Assigned task
The response should consist of the data below, copied exactly, with no pictures in it.

··· Input records ···

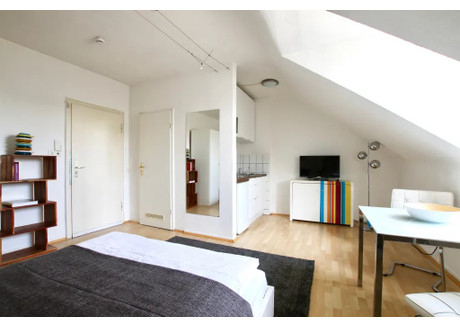 Mieszkanie do wynajęcia - Beethovenstraße Cologne, Niemcy, 23 m², 1620 USD (6723 PLN), NET-102627119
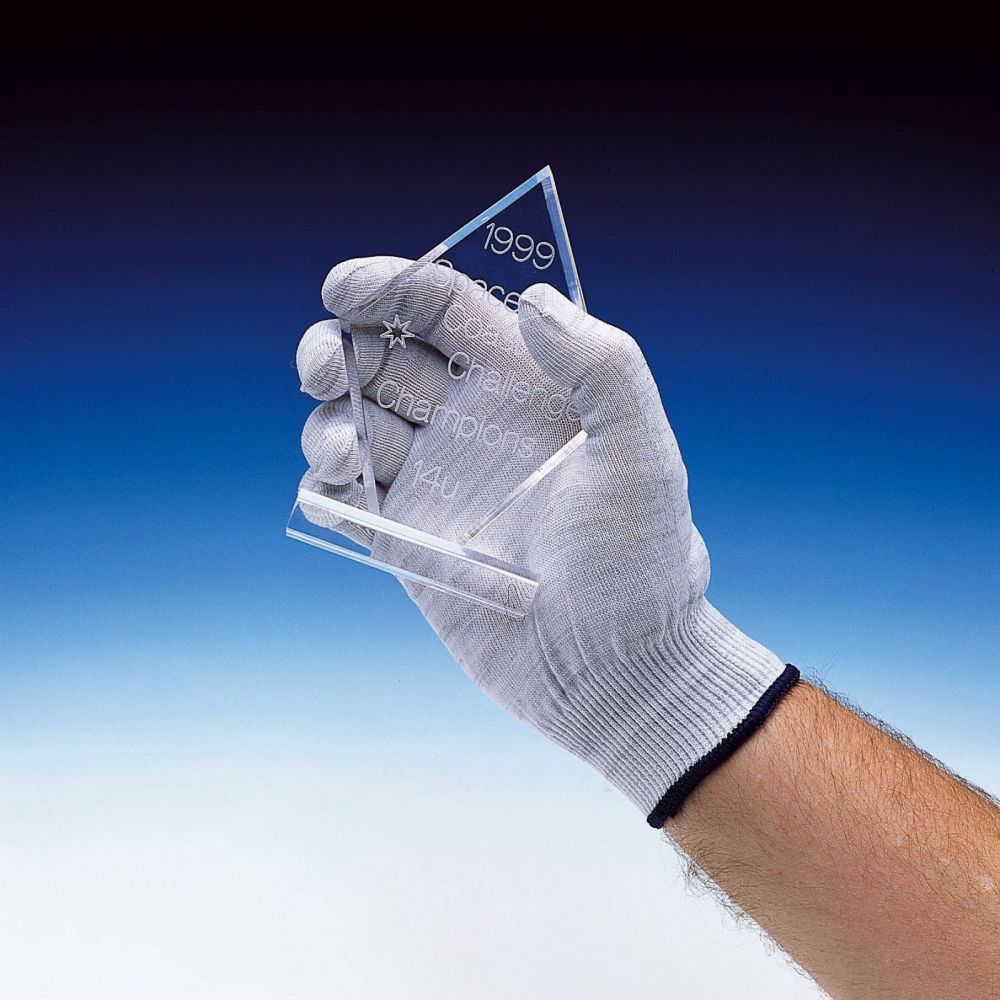 Kaiser Kinetronics anti-static gloves ASG-S (small)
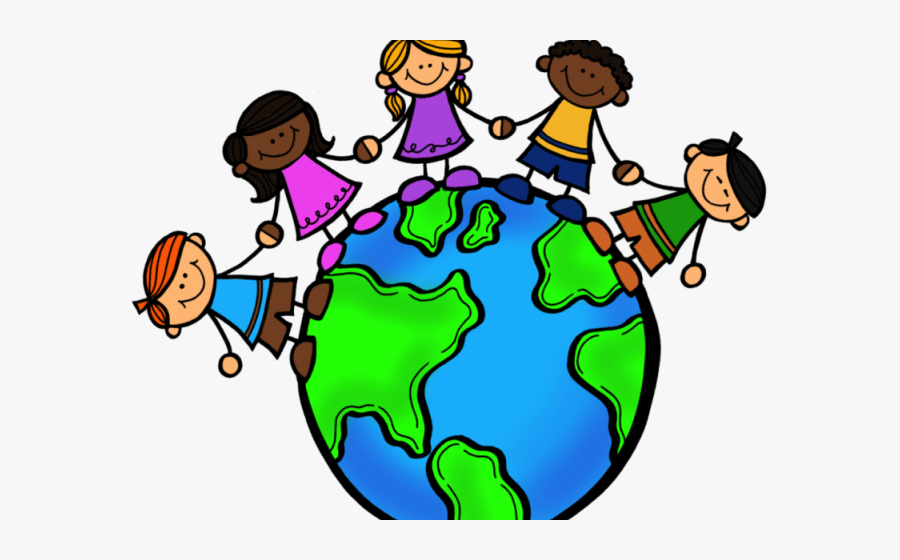 Singing Clipart Harmony - Clip Art Harmony Day, Transparent Clipart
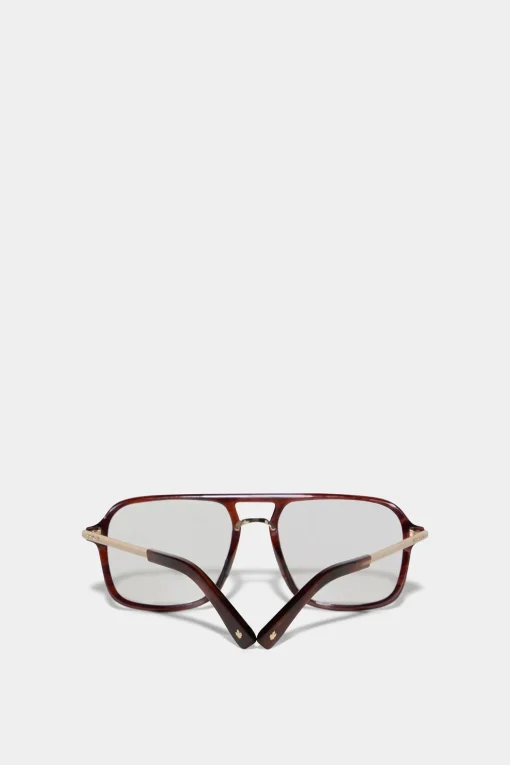 Refined Horn Optical Glasses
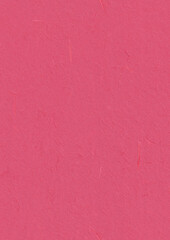 Handmade Rice Paper Texture. Cranberry, Deep Blush, Cabaret, Froly Color. Seamless Transition. Stationery Spotted Vintage Paper Surface Background for Calligraphy Painting. 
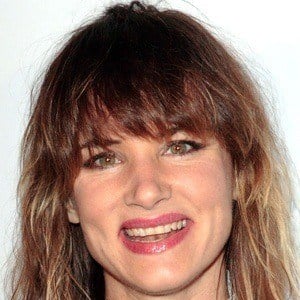 Juliette Lewis at age 35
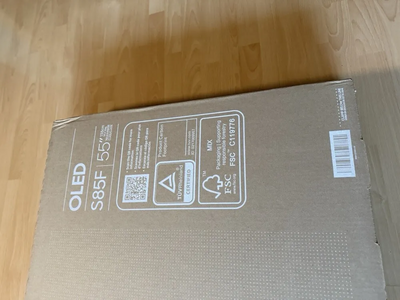 Samsung S85f Image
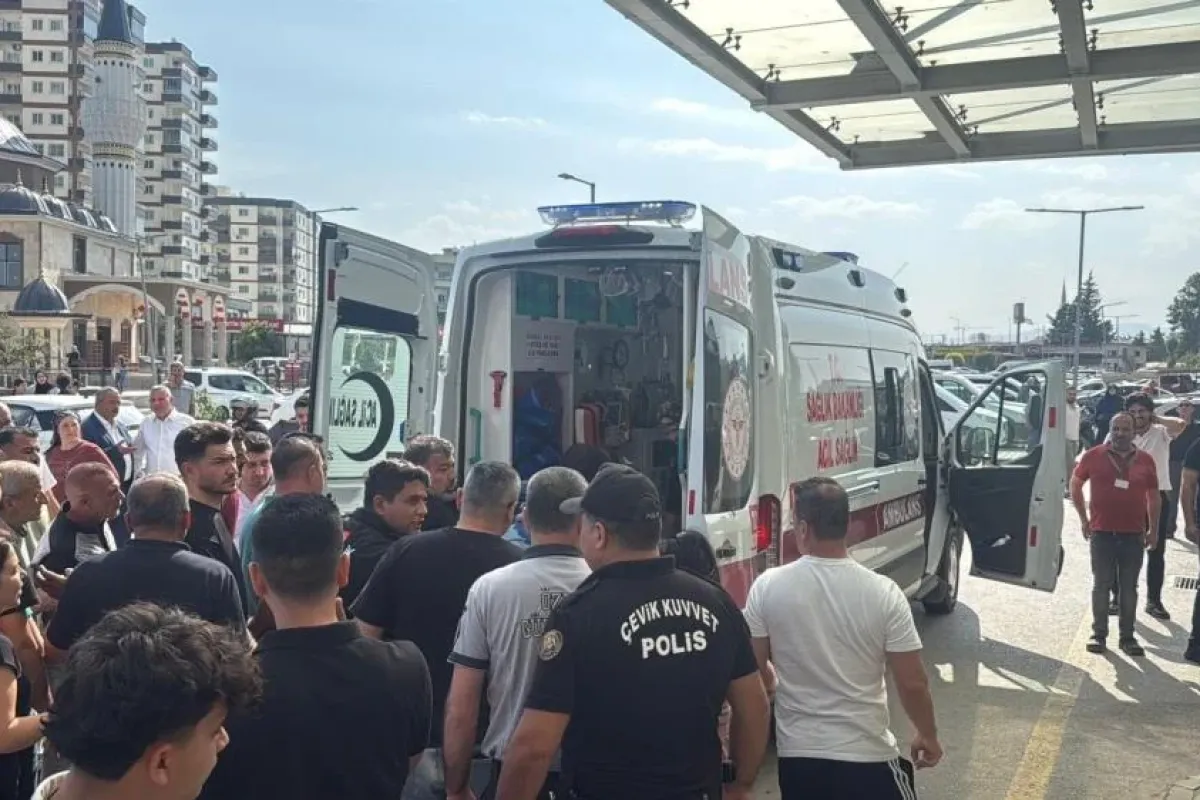 Mersin'de silahlı saldırılarda ölü sayısı 6’ya yükseldi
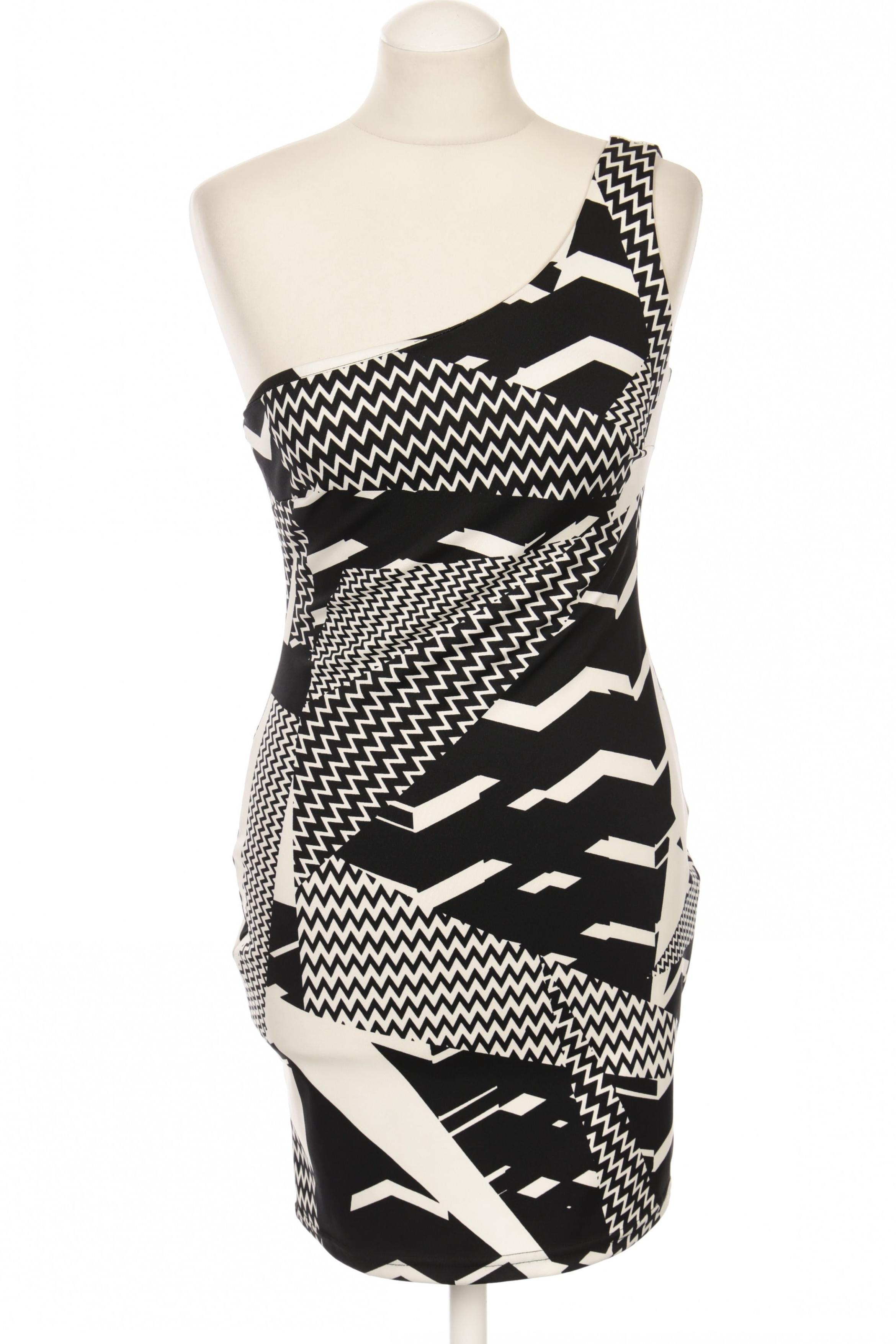 

Atmosphere Damen Kleid, schwarz, Gr. 36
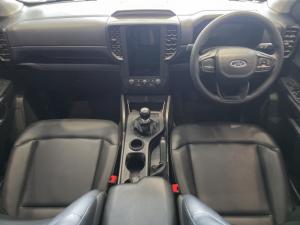 Ford Ranger 2.0 SiT double cab - Image 4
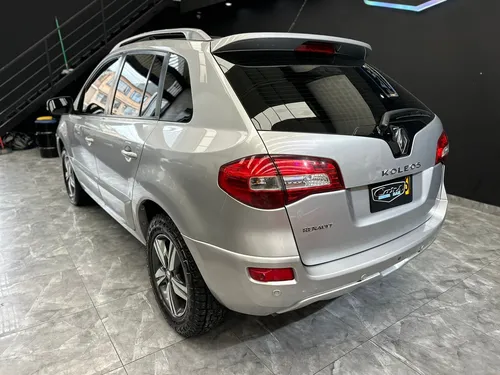 Renault Koleos 2.5 Dynamique Bose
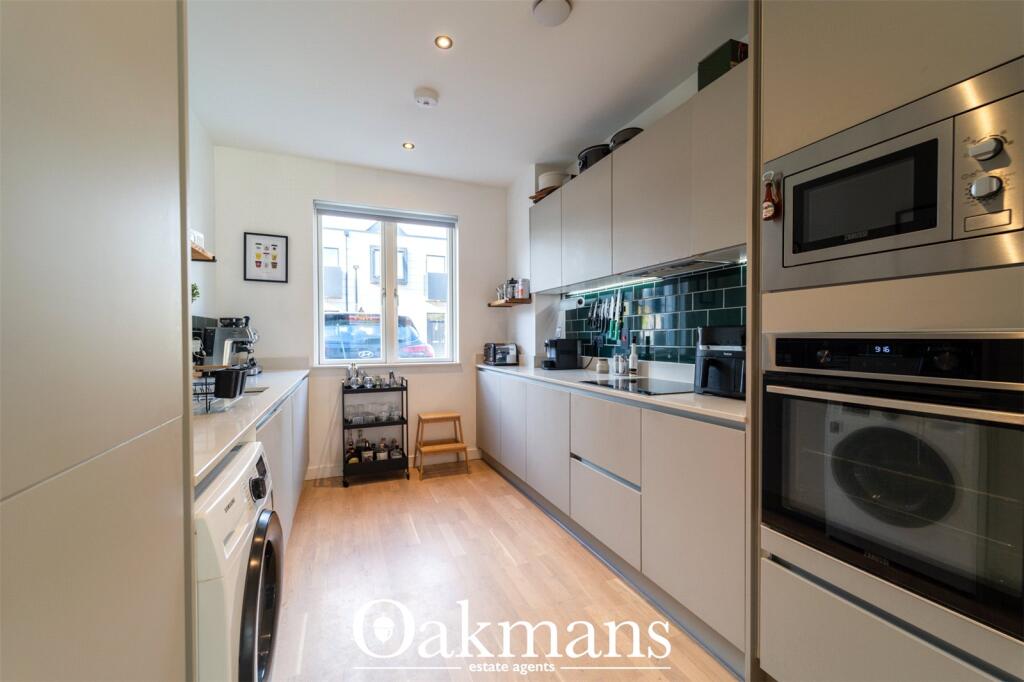 房产图片 10 - 伯明翰西米德兰兹南环公园，B16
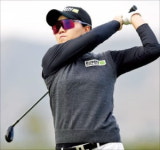 美서 홀인원 이정은5…LPGA 우승 꼭 하길 [강혜원의 골프플래닛]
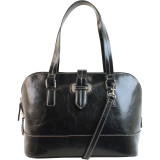 Lara Dome Satchel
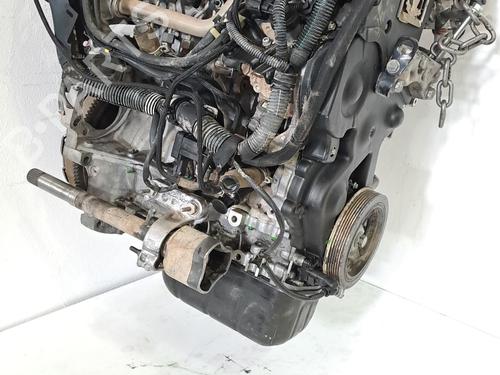 Motor PEUGEOT 207 (WA_, WC_) 1.6 HDi (90 hp) 27274530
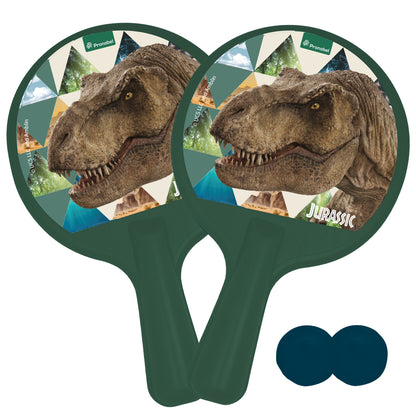 Set Paletas De Pong Pong | Jurassic World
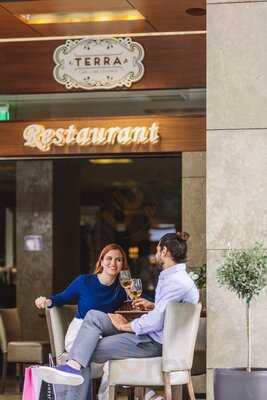 Terra Cafe-deli-enoteca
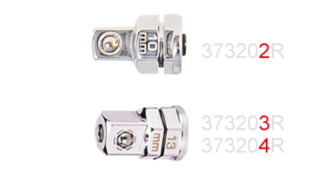 KING TONY Тримач біт 1/2" (шестигран. 19 мм)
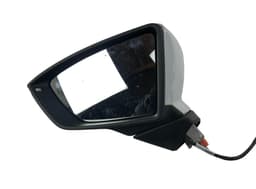SEAT 5F1857507P Mirror left SEAT LEON (5F) (2012-2020) — thumbnail 2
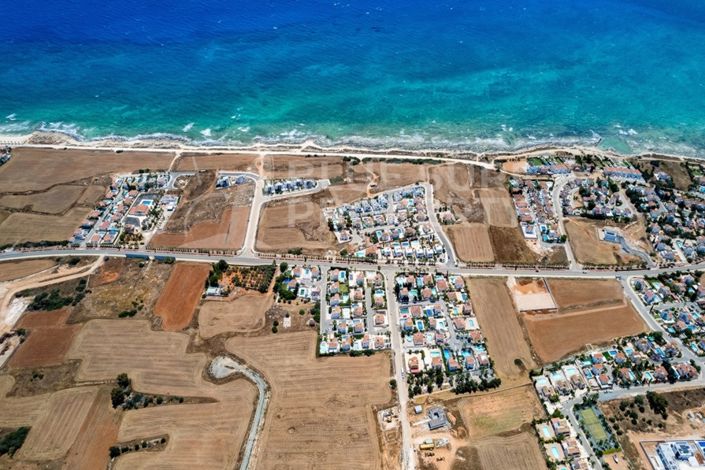 Image No.16-Villa de 3 chambres à vendre à Ayia Thekla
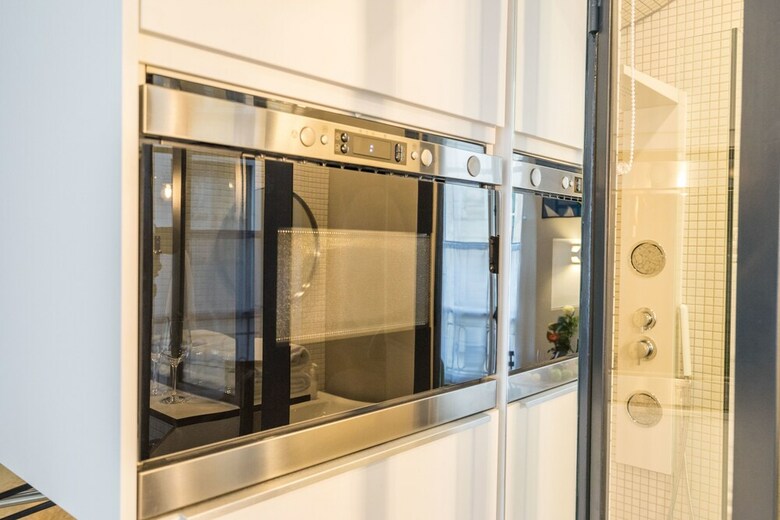 Apartamento Marais Studio 2p - AC - Wifi
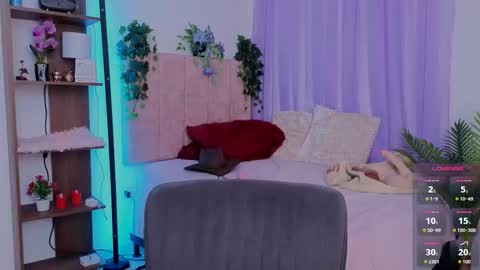 Snapshot of emilyrousex chatting on 03-06-26, 06:37 emilyrousex online show from 03-06-26, 06:37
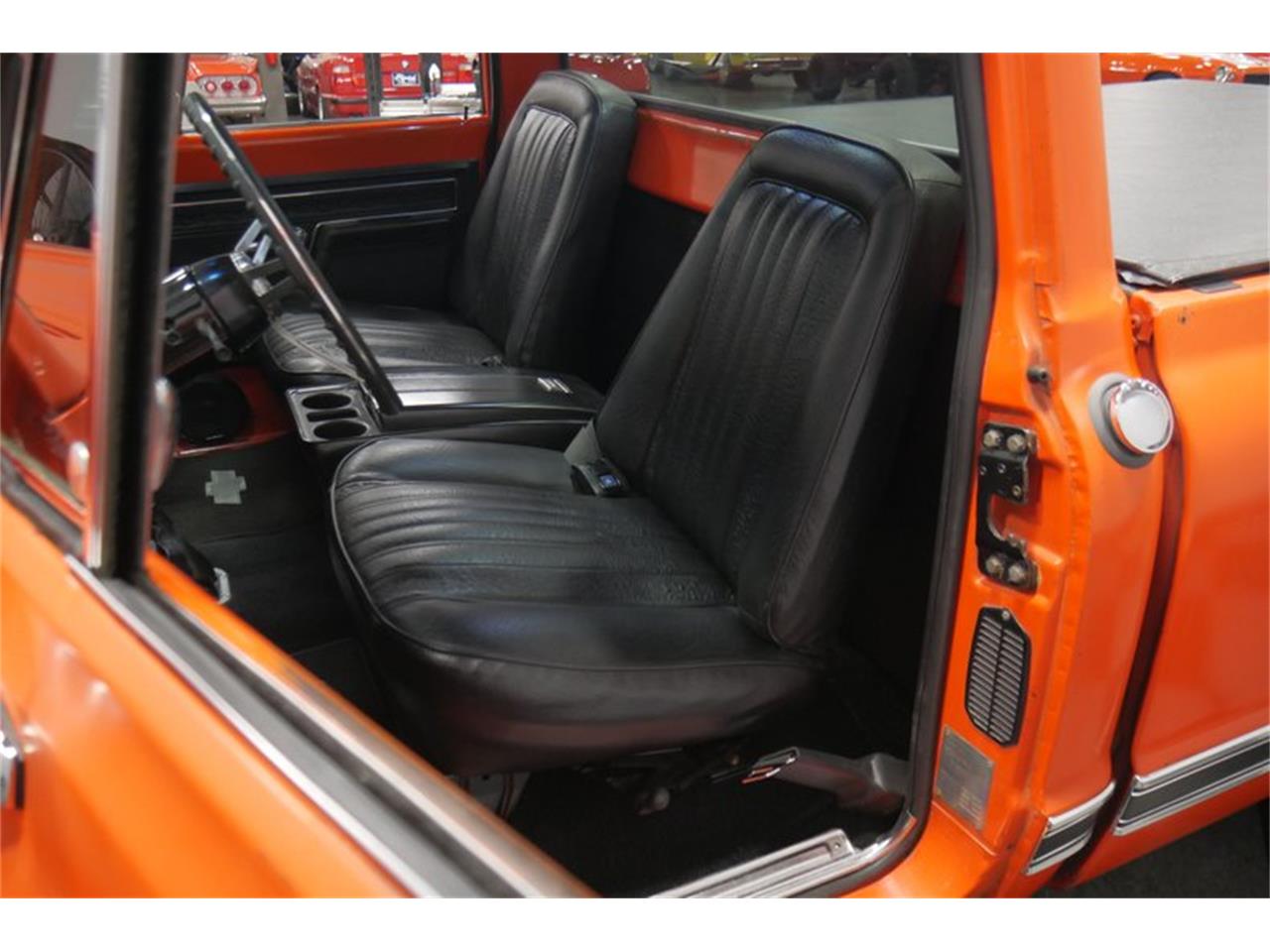 1972 chevrolet c10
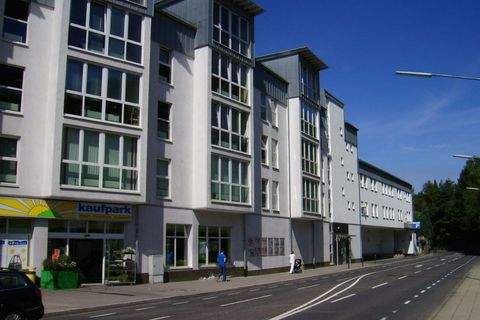 Velbert Büros, Büroräume, Büroflächen 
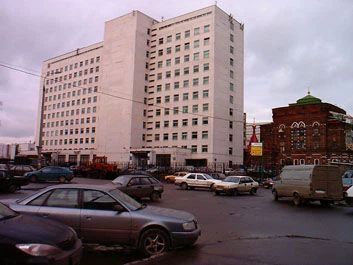 Фото клиники 2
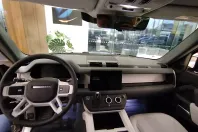 Land Rover Defender din 2025 cu 900 km - oferta LAN187440 - foto 5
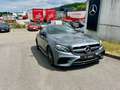 Mercedes-Benz E 200 E 200 Coupé Gris - thumbnail 3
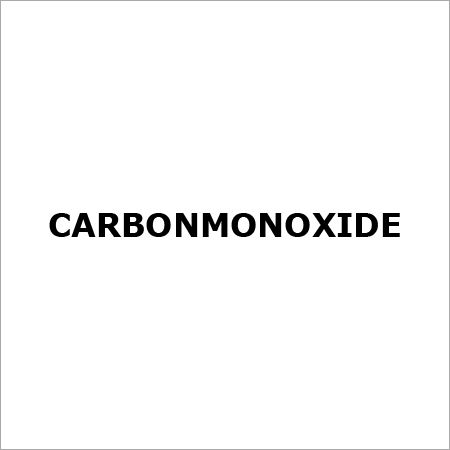 Carbonmonoxide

···

Your solution
 Mieszkanie do wynajęcia - Beethovenstraße Cologne, Niemcy, 23 m², 1620 USD (6723 PLN), NET-102627119
 Kaiser Kinetronics anti-static gloves ASG-S (small)
 Singing Clipart Harmony - Clip Art Harmony Day, Transparent Clipart
 Refined Horn Optical Glasses
 Handmade Rice Paper Texture. Cranberry, Deep Blush, Cabaret, Froly Color. Seamless Transition. Stationery Spotted Vintage Paper Surface Background for Calligraphy Painting. 
 Juliette Lewis at age 35
 Samsung S85f Image
 Mersin'de silahlı saldırılarda ölü sayısı 6’ya yükseldi

Atmosphere Damen Kleid, schwarz, Gr. 36
 Ford Ranger 2.0 SiT double cab - Image 4
 Renault Koleos 2.5 Dynamique Bose
 房产图片 10 - 伯明翰西米德兰兹南环公园，B16
 美서 홀인원 이정은5…LPGA 우승 꼭 하길 [강혜원의 골프플래닛]
 Lara Dome Satchel
 Motor PEUGEOT 207 (WA_, WC_) 1.6 HDi (90 hp) 27274530
 Set Paletas De Pong Pong | Jurassic World
 Terra Cafe-deli-enoteca
 KING TONY Тримач біт 1/2" (шестигран. 19 мм)
SEAT 5F1857507P Mirror left SEAT LEON (5F) (2012-2020) — thumbnail 2
 Image No.16-Villa de 3 chambres à vendre à Ayia Thekla
 Apartamento Marais Studio 2p - AC - Wifi
 Snapshot of emilyrousex chatting on 03-06-26, 06:37 emilyrousex online show from 03-06-26, 06:37
 1972 chevrolet c10
 Velbert Büros, Büroräume, Büroflächen 
 Фото клиники 2
 Land Rover Defender din 2025 cu 900 km - oferta LAN187440 - foto 5
 Mercedes-Benz E 200 E 200 Coupé Gris - thumbnail 3
 Carbonmonoxide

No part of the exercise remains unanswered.